● Your task
Skip the pictures and write out, word for word, the lines below from the one with "Oscar Maschera - Antonio" through the one with "Напольный унитаз Qtap", inclusive.

━━ Records supplied

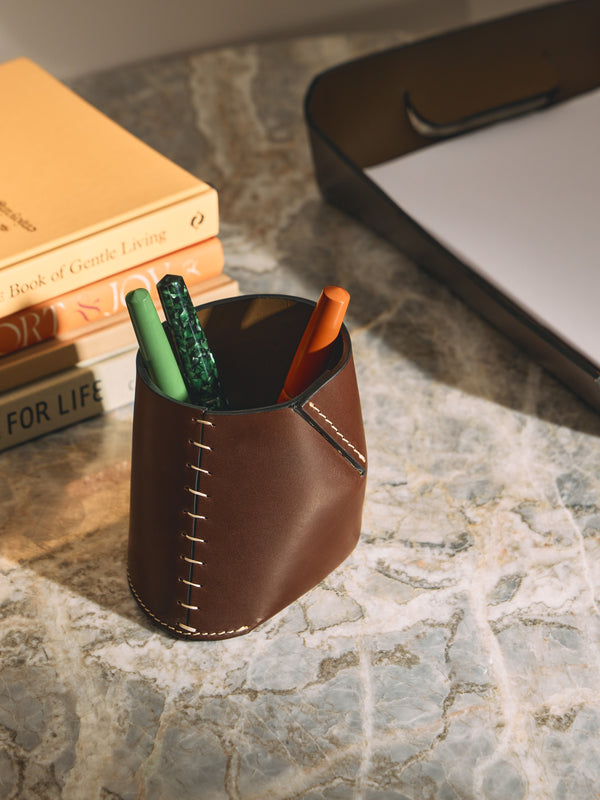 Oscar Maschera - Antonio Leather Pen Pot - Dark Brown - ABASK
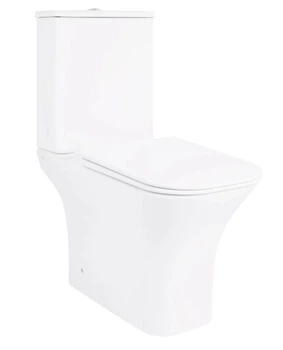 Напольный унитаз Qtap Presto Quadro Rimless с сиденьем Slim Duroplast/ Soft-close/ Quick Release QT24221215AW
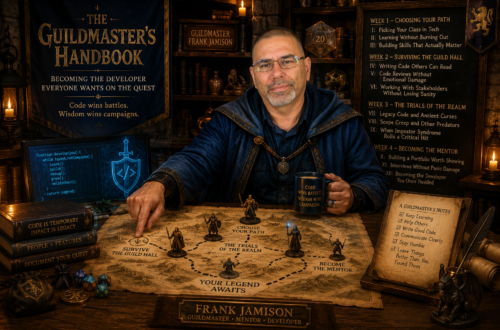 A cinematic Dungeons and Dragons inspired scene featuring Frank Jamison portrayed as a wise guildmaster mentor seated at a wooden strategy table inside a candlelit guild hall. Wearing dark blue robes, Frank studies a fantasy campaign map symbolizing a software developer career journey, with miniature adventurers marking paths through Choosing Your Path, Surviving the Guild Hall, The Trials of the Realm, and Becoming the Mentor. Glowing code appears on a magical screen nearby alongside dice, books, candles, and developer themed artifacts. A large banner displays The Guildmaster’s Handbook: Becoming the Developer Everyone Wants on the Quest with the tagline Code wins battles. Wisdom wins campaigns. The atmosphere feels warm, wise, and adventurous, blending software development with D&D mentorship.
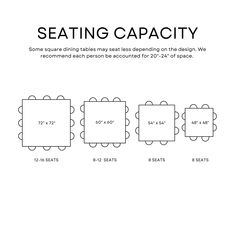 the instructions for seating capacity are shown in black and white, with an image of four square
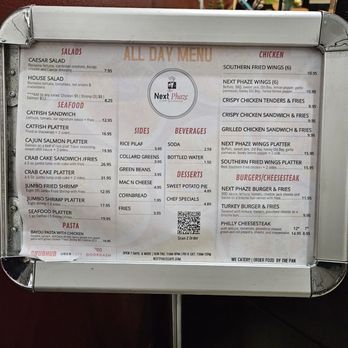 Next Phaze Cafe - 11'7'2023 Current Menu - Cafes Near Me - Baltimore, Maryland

━━━━
━━ Records supplied

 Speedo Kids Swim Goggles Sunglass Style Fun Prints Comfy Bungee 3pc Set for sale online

━━━━
━━ Records supplied

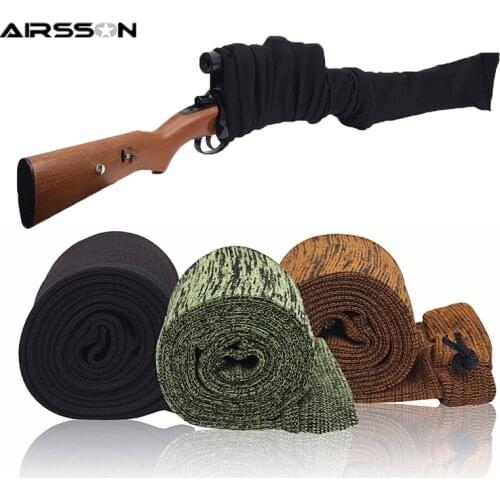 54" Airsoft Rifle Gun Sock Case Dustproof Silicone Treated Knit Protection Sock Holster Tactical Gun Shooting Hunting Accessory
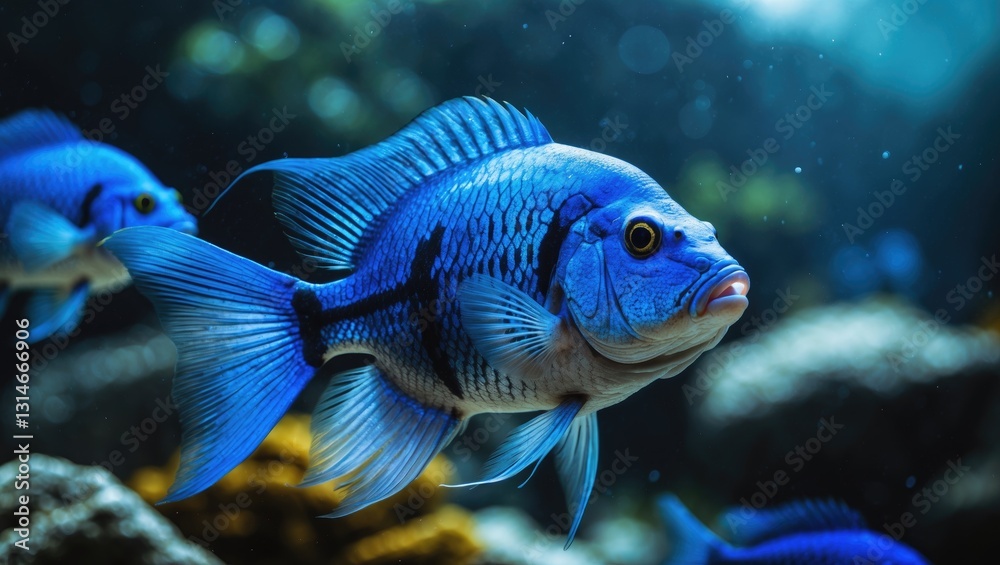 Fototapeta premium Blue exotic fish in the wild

━━━━

● Response below
 Oscar Maschera - Antonio Leather Pen Pot - Dark Brown - ABASK
 Напольный унитаз Qtap Presto Quadro Rimless с сиденьем Slim Duroplast/ Soft-close/ Quick Release QT24221215AW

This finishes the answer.